In ogni caso chi oggi è stato «costretto» dall’emergenza a investire in questo settore – facendo di necessità virtù – si troverà con uno strumento utile anche in futuro. Ma sarà davvero così? L’impulso «local» dato all’e-commerce dal coronavirus durerà anche in futuro?

O accadrà piuttosto il contrario, nel senso che dopo mesi passati in casa il consumatore proverà piacere (dopo «l’abbuffata online») entrando in un vero negozio, parlando con un commesso in carne e ossa e tastando il prodotto in prima persona anziché doverlo scegliere tra i pixel di una fotografia digitale? Ne abbiamo parlato con un commerciante.
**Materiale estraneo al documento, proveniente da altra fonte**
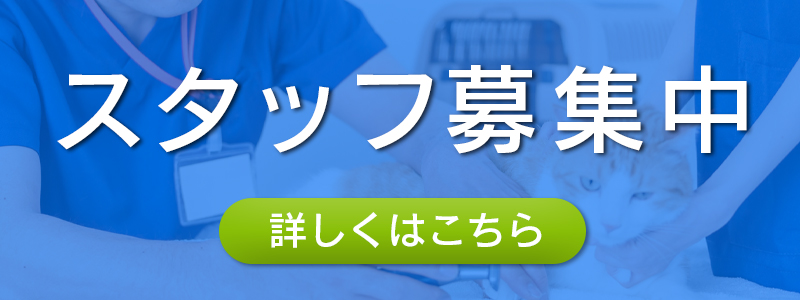 スタッフ募集中です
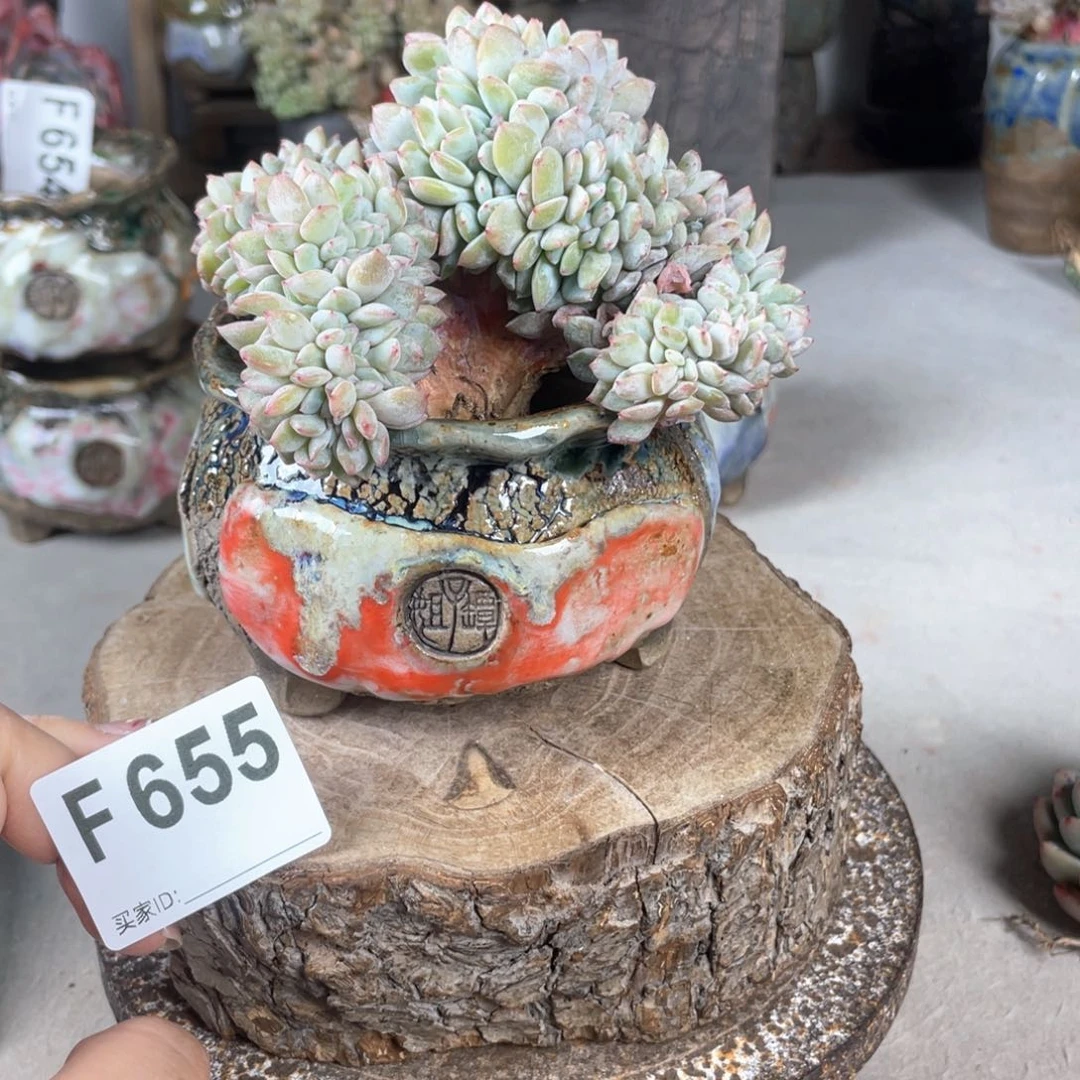紫砂花盆孤品 不规则油画山石 钱袋外口9 不含肉
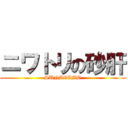 ニワトリの砂肝 (SUNAGIMO)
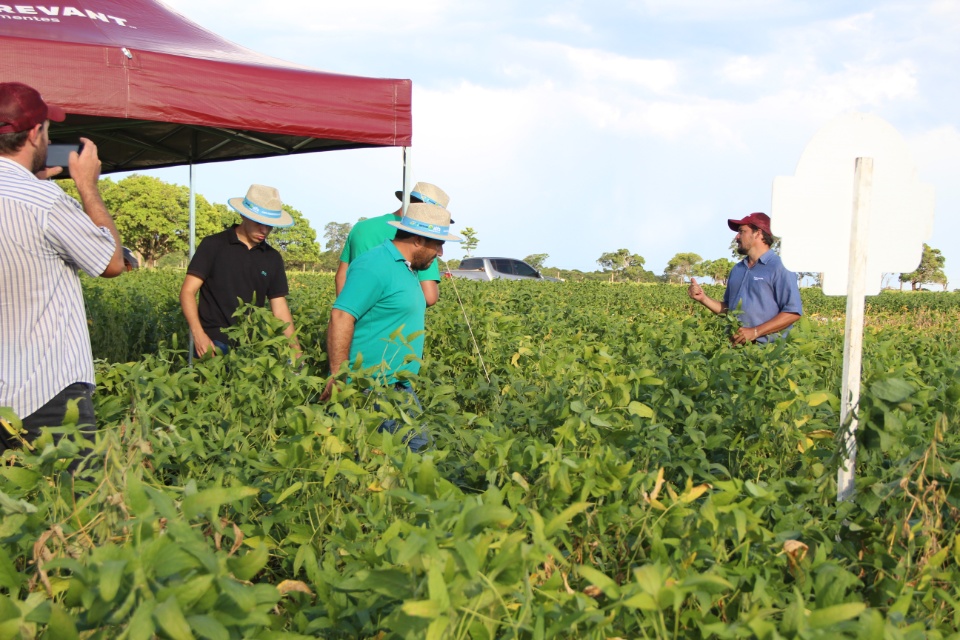 Cooper Alfa realiza a segunda edição do “Dia de Campo Alfa” em Nova Alvorada do Sul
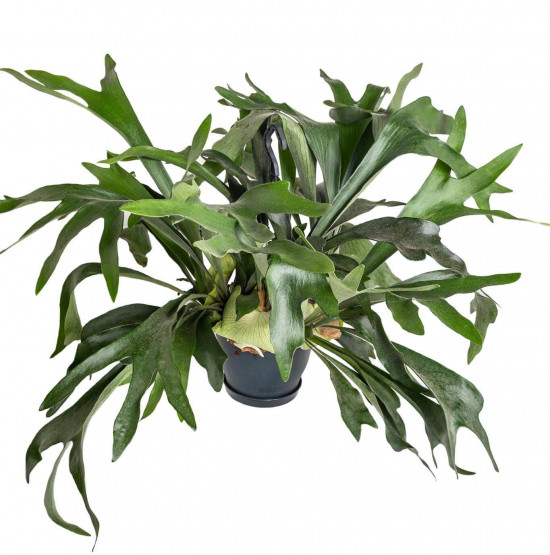 Parožnatka, Platycerium bifurcatum, závěs, průměr květináče 18 cm-23390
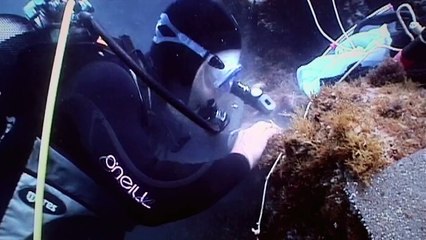 Life in Future Acidic Seas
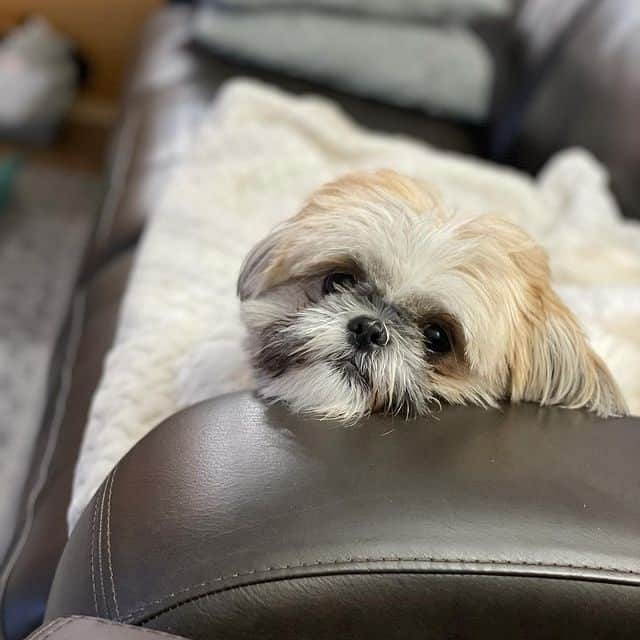 A Shih Tzu sitting on a couch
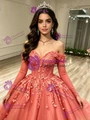 Tulle Long Sleeve Appliques Quinceanera Dress
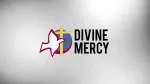 Divine Mercy Learning Centre company logo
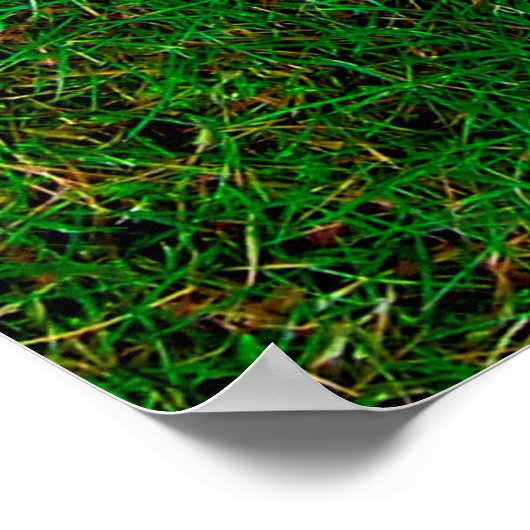 Grauwe weide textuur poster (Hoek)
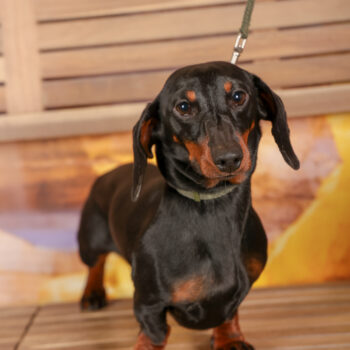 Concorso Fotografico - QuattroZampe in Fiera - Roma - Marzo 2026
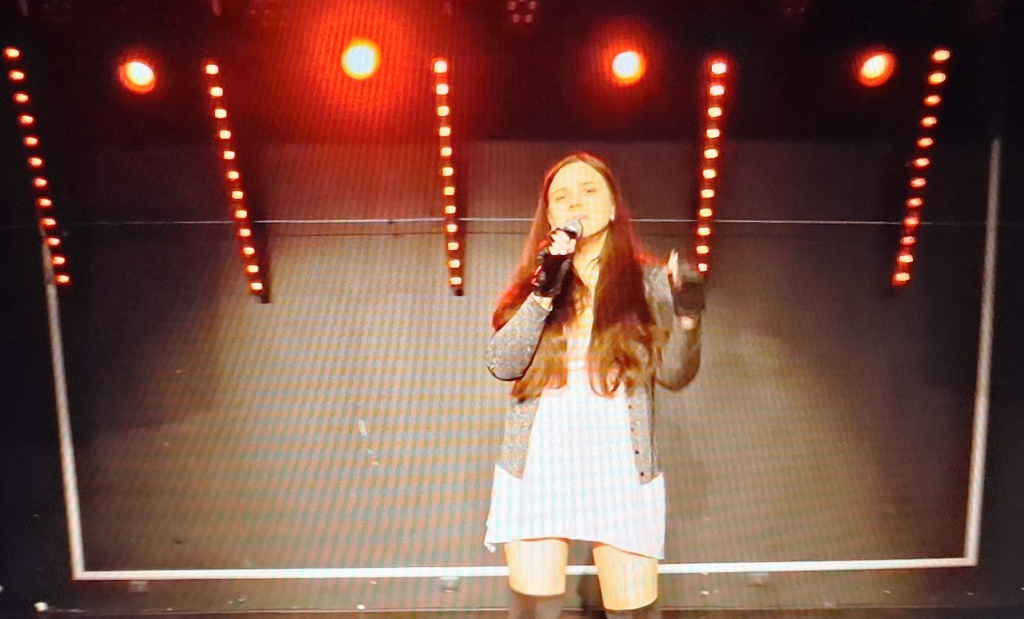 singer,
«Non vale per tutti i prodotti»

C’è chi ha avuto successo e chi, potendo vendere online, ha raggiunto (e forse fidelizzato per il futuro) clienti che prima si rivolgevano ad altri. «Certamente la situazione di oggi ha cambiato le carte in tavola e si sono aperte delle opportunità che non vanno sottovalutate. Ma non credo sia una soluzione per tutti. Molto dipende dal tipo di negozio e dal tipo di prodotto. È certamente più facile per chi offre merce originale rispetto a chi rivende prodotti di altri». Un punto su cui anche un altro collega è d’accordo. «Dipende molto da quel che si offre. Nell’abbigliamento (che è il settore in cui lavora ndr) in questo periodo c’è per esempio stato un crollo di vendite anche online». Anche perché probabilmente si è meno propensi a comprare un vestito. Per chi indossarlo visto che siamo quasi tutti confinati in casa?».

Difficoltà logistiche

Il commercio online, come ci spiegano, è anche insidioso. «È difficile gestire la logistica e il magazzino. Poi c’è il ritorno della merce che viene indossata dai clienti ma non comprata. Le grandi società non lo ammettono, ma in questo modo buttano via milioni perché tanti capi rovinati non possono più venir rimessi sul mercato».

Rinunciare all’affitto del negozio?

«Se il commercio online funzionasse – sottolinea provocatoriamente un commerciante – potrei chiudere il mio negozio e affittare un capannone da qualche parte, risparmiando sull’affitto». Una provocazione, appunto, perché così facendo i paesi si svuoterebbero ancora di più dei loro negozi, della loro vita. «I piccoli commerci – conferma – hanno un’importanza sociale. Ravvivano i quartieri, i paesi». Ma appunto è proprio in questo momento – in cui tutti noi da settimane siamo chiusi in casa («Nella morsa delle nostre mura domestiche», dice) – che magari si apprezzano cose che prima si davano per scontate: un ristorante, un bar, un negozio. «Ma è un po’ sempre così», conferma. Si apprezzano le cose quando non ci sono più. E dunque c’è fiducia per la riapertura? I clienti torneranno? Si saranno accorti della necessità di sostenere i piccoli negozi? «La grossa incognita – spiega – sarà capire proprio la loro reazione. Non crediamo che all’inizio ci sarà la fila di clienti all’entrata». «E per questioni sanitarie – spiega – è anche giusto che non sia così. La salute deve venire prima di tutto».